What you need to do: The whole listing needs to be written out exactly, except for any images.

Data:
---------------

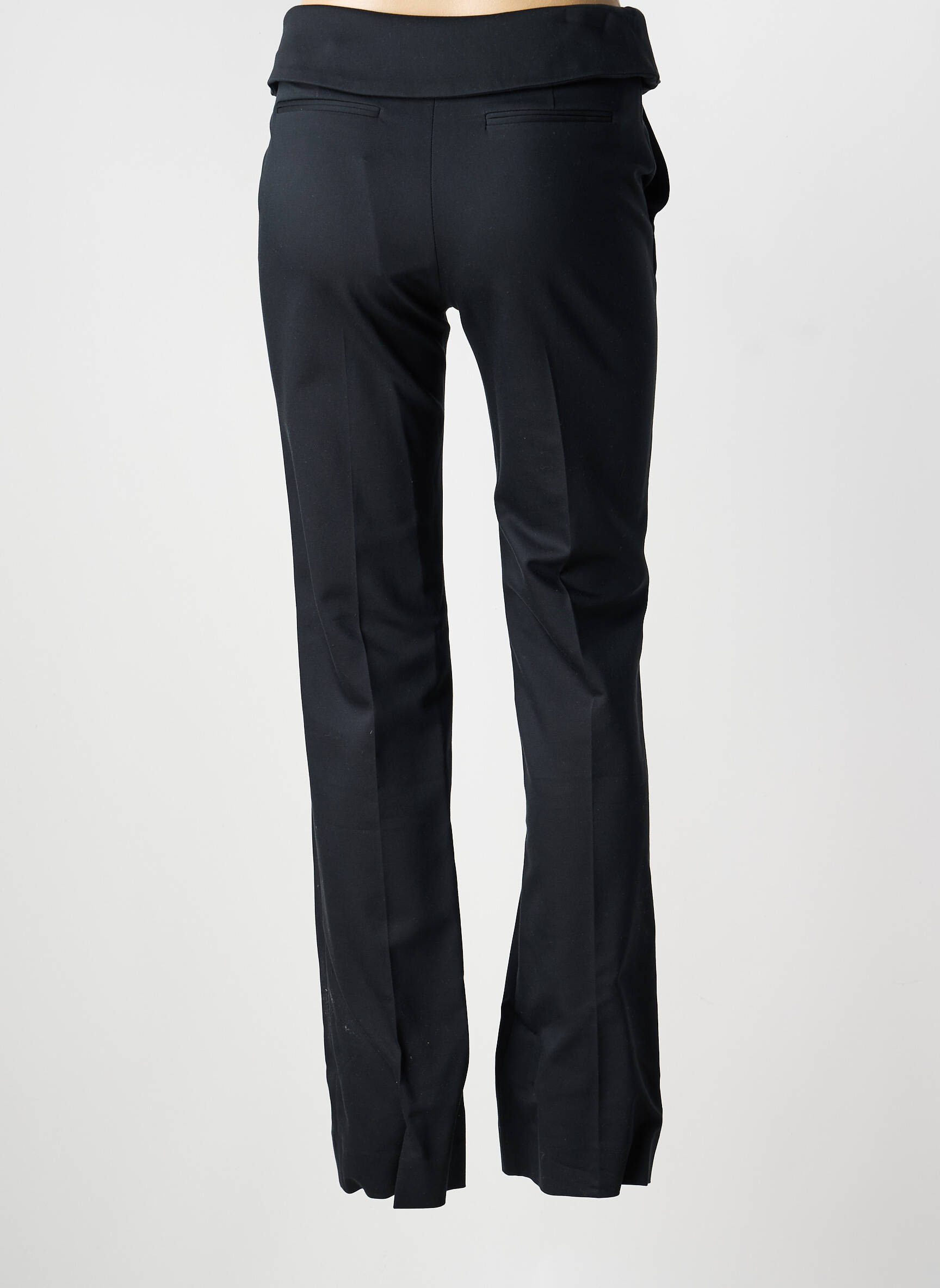 Pantalon drept negru IRO femeie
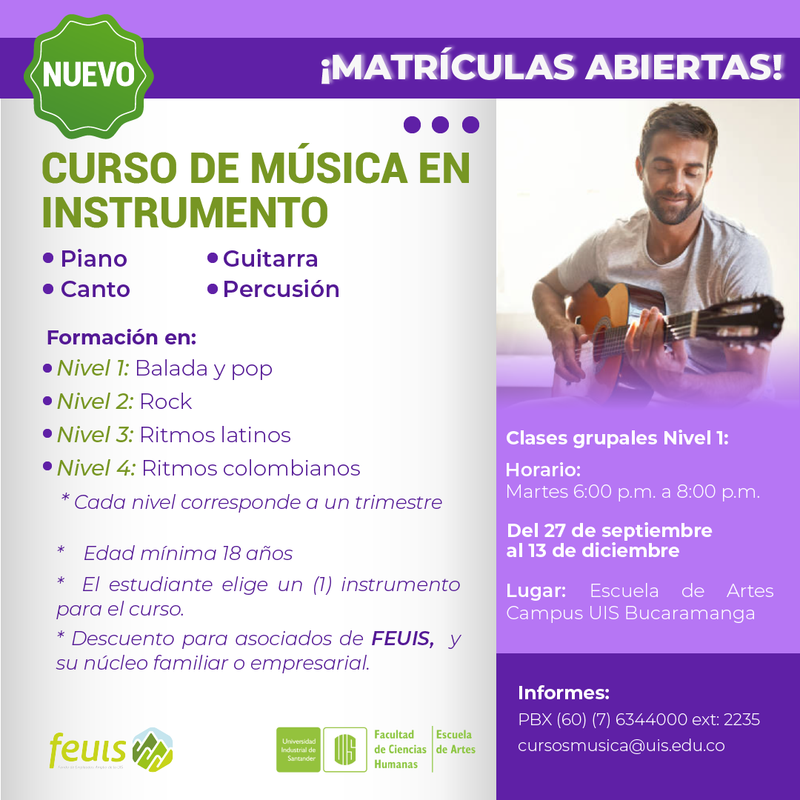 Pre Iniciación e Iniciación Musical
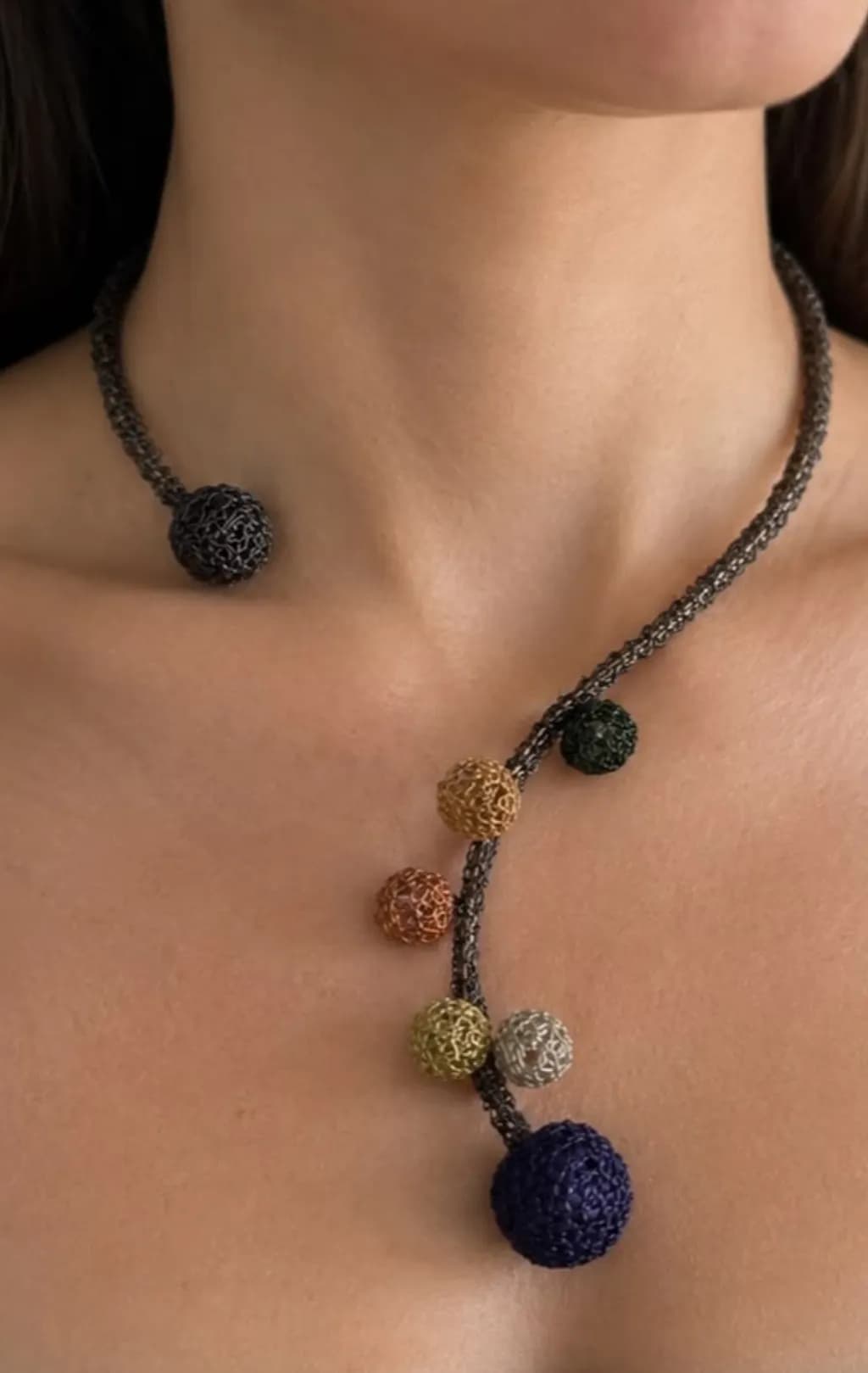 Orbit Chain Necklace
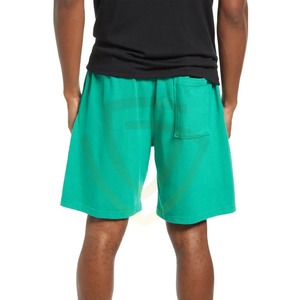 Pantalones Cortos Casuales de Secado Rápido con Diseño Único para Hombre, Logotipo Personalizado Bordado, Material de Malla de Algodón - Product Image 3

---------------

Exercise output:
 Pantalon drept negru IRO femeie
 Pre Iniciación e Iniciación Musical
 Orbit Chain Necklace
 Pantalones Cortos Casuales de Secado Rápido con Diseño Único para Hombre, Logotipo Personalizado Bordado, Material de Malla de Algodón - Product Image 3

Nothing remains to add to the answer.